I need to prove that the sequence of functions $f_n(x)$ is uniformly convergent to $f$ on the interval $(1,+ \infty)$.
I've already shown that $f_n(x) = \frac{nx^4+1}{nx^4+2x+3}e^{-nx^2}$ is pointwise convergent to $0$ on $(1,+ \infty)$. It remains to show that: $\:$ $\underset{x\in (1,+ \infty)}{sup}|f_n(x)-f(x)| \rightarrow 0$ for n $\rightarrow + \infty $ $sup|f_n(x)-f(x)|= sup|\frac{nx^4+1}{nx^4+2x+3}e^{-nx^2}|=sup\frac{x^4+1}{nx^4+2x+3}e^{-nx^2}\\$.
I tried to compute the derivate $f_n'(x)=\frac{4nx^3(nx^4+2x+3)-(nx^4+1)(4nx^3+2)}{(nx^4+2x+3)^2}e^{-nx^2}+\frac{nx^4+1}{nx^4+2x+3}*(-2nxe^{-nx^2})$
but i dont' find the global maximum point of $f_n$.
How can i find this point to check the uniform convergence ?
Thanks for the help in advance!!
Notice that for all $x>1$ $$\sup_{(1,\infty)} \frac{nx^4+1}{nx^4+2x+3}e^{-nx^2}\leq \sup_{(1,\infty)} \frac{nx^4+1}{nx^4}e^{-nx^2}$$ because dividing by a larger number gets a smaller number.
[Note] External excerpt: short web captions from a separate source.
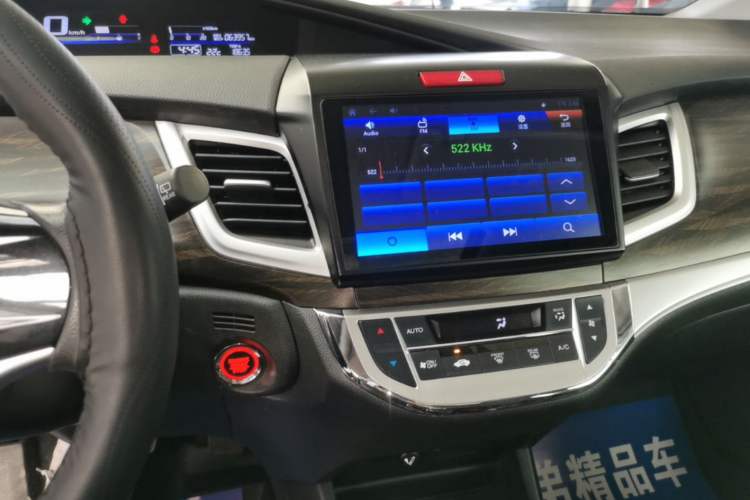 Used Honda Jade 2017 1.8L automatic Comfort version 5 seats Audio And AC Panel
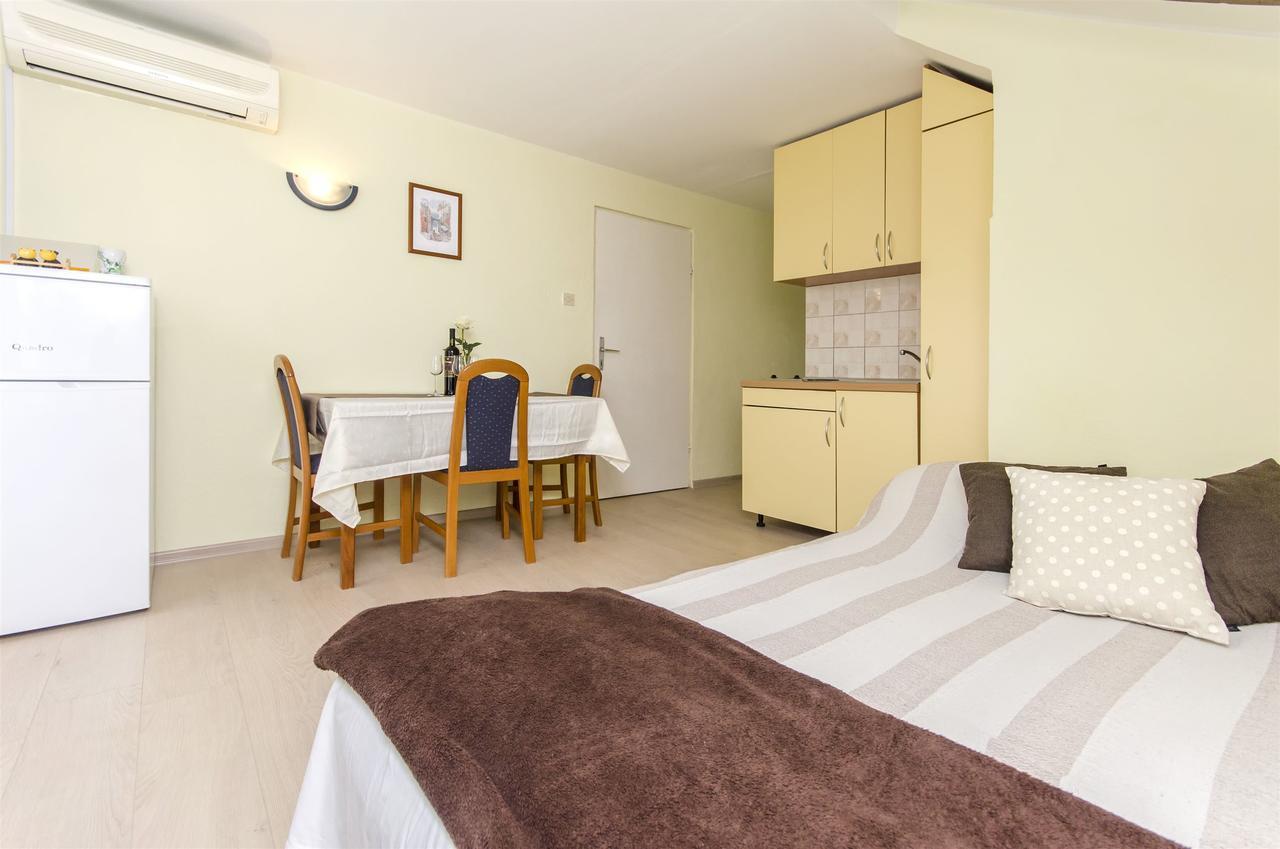 Apartments Toni Vodice Ngoại thất bức ảnh
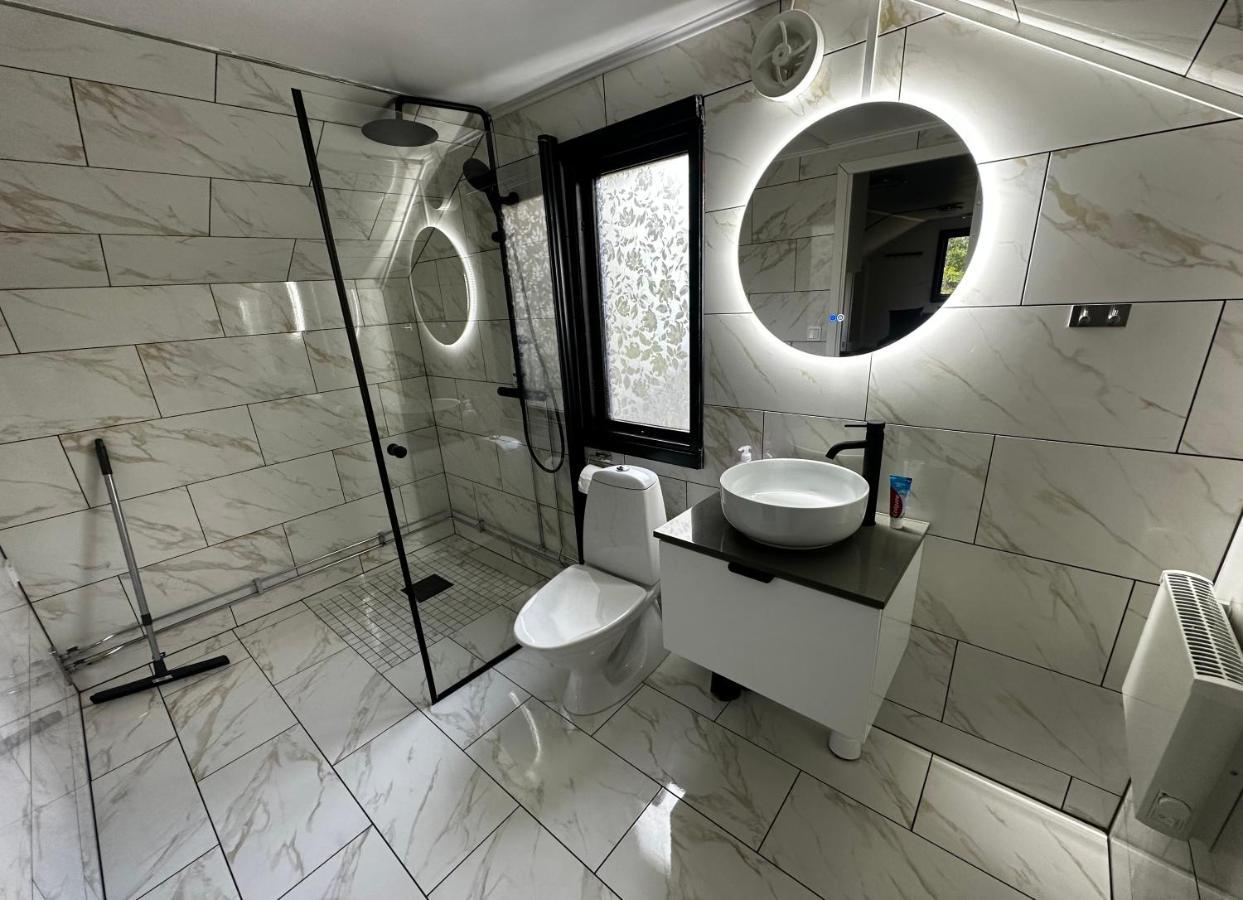 Luxurious Apartment Near Citycenter Boras Bagian luar foto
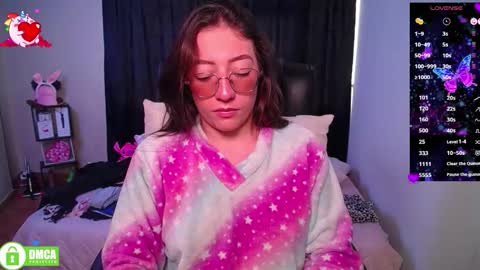 qadesh_boix online show from September 22, 2025, 5:48 pm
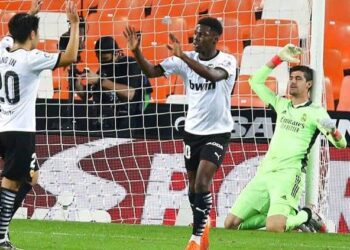 ¡Valencia humilla al Real Madrid!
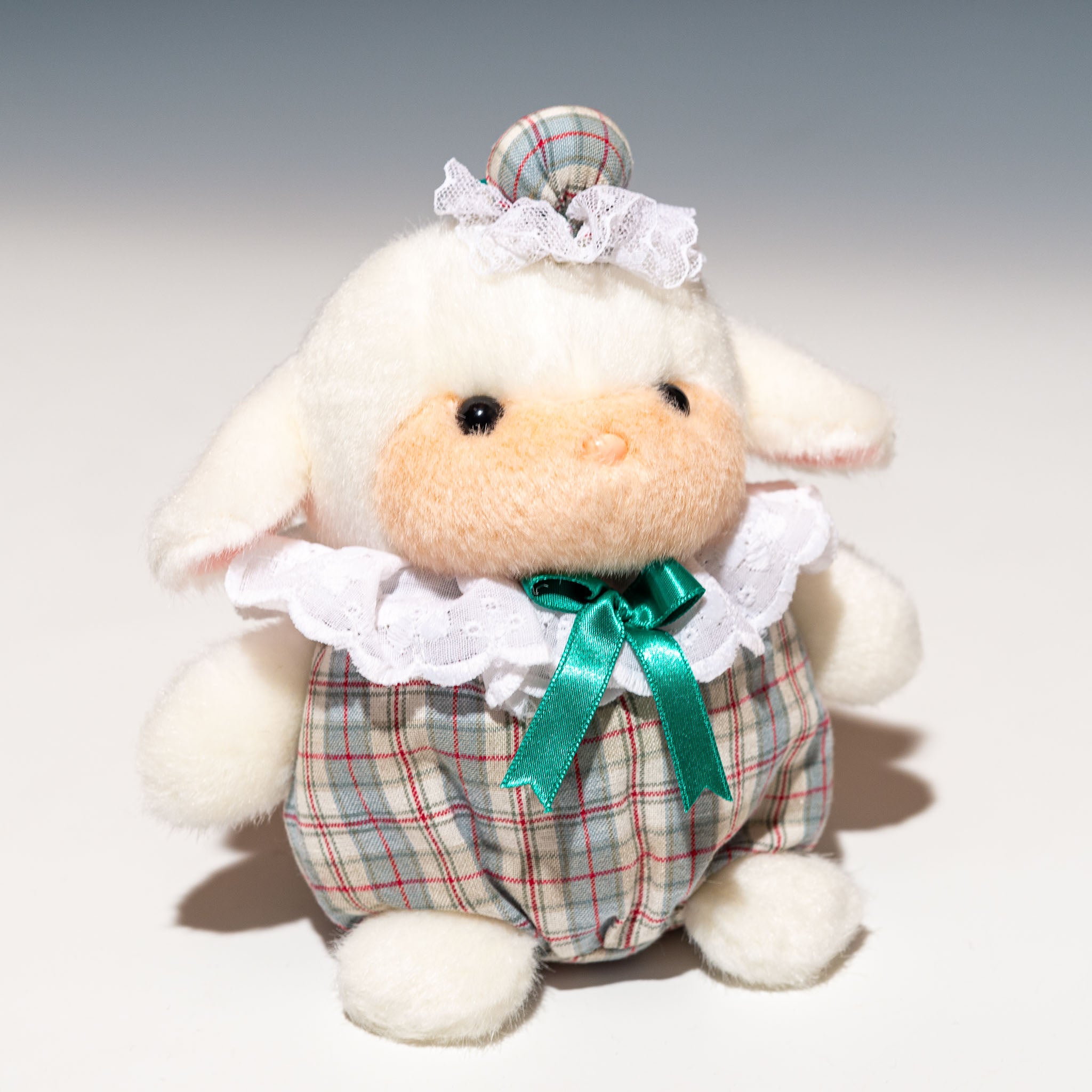 たけのこ TAKENOKO ぬいぐるみ プチぶらんでーと (ミニ) ヒツジ 88811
So now we want to show $$\lim_{n\rightarrow\infty} \sup_{(1,\infty)} \Big[\Big(1+\frac{1}{nx^4}\Big)e^{-nx^2}\Big]=0.$$ Since $1/(x+\delta) < 1/x$ and $e^{-x}<e^{-(x+\delta)}$ for all $\delta>0$, then the supremum is at $x=1$. Then it is sufficient to show that $$\lim_{n\rightarrow\infty} \Big(1+\frac{1}{n}\Big)e^{-n}=0.$$